But more than a year after the Army began a major push to prosecute those responsible for the abuse of the two men and several other prisoners at Bagram, only 27 soldiers and officers against whom Army investigators had recommended criminal charges, 15 have been prosecuted. Five of those have pleaded guilty to assault and other crimes; the stiffest punishment any of them have received has been five months in a military prison. Only one soldier has been convicted at trial; he was not imprisoned at all.
Meanwhile, back on this side of the pond there’s a mixed response to the News of the World video showing British soldiers brutally attacking Iraqi teenagers. The video was shown on TV channels in the Arab world just as ministers and Muslim leaders are trying to dampen the row over the publication of cartoons depicting the prophet Muhammad, and when thousands of British troops are preparing to be deployed to the hostile environment of southern Afghanistan.
It has come at a "bad time", a senior defence source admitted.
The whole thing is a weight on all of our shoulders, pressing down. As Joe Bageant writes in “Welcome to Middle-Class Lockdown...Now Shut Up and Buy Something”

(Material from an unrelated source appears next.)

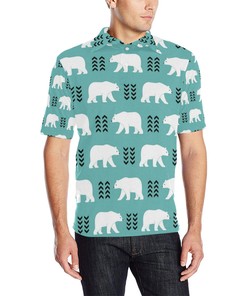 Personalized Polar Bear Pattern Men'S Polo Shirt - 3D All Over Print - Add Style To Your Wardrobe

“This leaves those few fleetingly concerned Americans alone to momentarily stew over the condition of the world, fester upon national moral issues like squishing brown desert people under tanks . . . or building offshore gulags so the sight of naked prisoners being tortured in wire cages will not dampen the consumer confidence index. But ultimately somewhere between the seven o’clock showing of Law and Order and the third cocktail, or perhaps after that bracing evening trot around the block in your Land’s End shorts with the dogs, the mind settles down to the more relevant issues such as “Do I need a Blackberry, and if so, should I wait for the next generation of technology?”
Still, what about those cages in Guantanamo? Or global warming? You and I may presently be yammering our asses off in cyberspace (talk about inauthentic!) about such topics, but most Americans, if they dialogue about those things at all, conduct the dialogue with those voices inside our heads, the one that says: Things cannot be as bad as the alarmists say. They cannot be as bad as I often suspect they are. If there really were such a thing as global warming they would be starting to do something about it. And besides, even if it were true, science will find a way to fix it. If there really were genocide going on in so many places far more people would be concerned. At the same time, every commercial and piece of sports hoopla, every celebrity news item leaves us with the impression that if we have time and money for such things, then matters cannot be all that bad, can they? If the earth were heating up we would surely notice it. If our soldiers and government agencies were torturing people around the world it would make the news. If millions were being exterminated, it would be more obvious, would it not? Look around. Nobody seems worried. Look how normal everything is every day. Look at your wife and your own family. No one is worried. Things cannot be that bad."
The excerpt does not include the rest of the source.